# 68 GTO A/C Heater electrical problem



## Mark 68 (Jul 27, 2013)

The power to my A/C and heater control has gone away. I have power at the fuse block but none at the control switch. No A/C or heater blower at all. I traced the brown wire from the fuse block to what I think is called the A/C Master Relay which is mounted on the passenger side of the firewall in the engine compartment. The line coming in from the fuse block has power but no power comes out. Thinking it was a bad relay, I installed a new one but still nothing. I tested the relay on the work bench and could not get it to open so I sent it back and got a new one. Still no power comes out. so I am thinking that the relay must need to be triggered by something else. I'm pretty sure my A/C system is full and even if it was not, wouldn't the heater blower still come on? I have the original shop manual but there is no wiring diagram of the heating/ A/C system so I can't tell where to trace this down. I suspect this is a simple fix if I only knew where to look. Anyone have experience with this? Thanks in advance.


----------



## gjones (Oct 8, 2012)

*power down*

Usually there is a resistor at the switch itself that sometimes goes bad. Does your clutch kick in at the compressor when you turn it to a/c? Check the connection where it plugs directly into the fan motor for corrosion, etc, wiggle it around... You did say you had power right up to the relay, yes? Go through all the basic things first. These can get kind of tricky, but with the schematics, you should be able to track it down.
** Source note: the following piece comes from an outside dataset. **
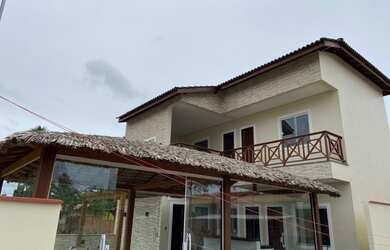 Imagem: A casa em condomínio possui 3 Dormitórios, 4 Banheiros, 3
Someone here should have links to the diagrams.


----------



## Mark 68 (Jul 27, 2013)

*A/C problem*

Thanks for the suggestions...I will check the resistor and fan connections. The compressor clutch does not engage. A heater wiring diagram would e great as I cannot tell where everything goes. Anyone have that? Thanks again...mark


----------



## BearGFR (Aug 25, 2008)

Do you have an in-line fuse holder in a wire coming off your alternator? My 69 did, and I know it supplies at least part of the power for the heat-A/C system. I'm not near my wiring diagrams right now..

Bear


----------



## Mark 68 (Jul 27, 2013)

*Inline fuse*

Thanks Bear...I was thinking that there might be another fuse somewhere in the wiring system...I will have to unwrap some of the wiring to/from the alternator to check it out...another good lead...anyone have an A?C wiring diagram? I think I will also post my query in the tech forum...thanks again...Mark


----------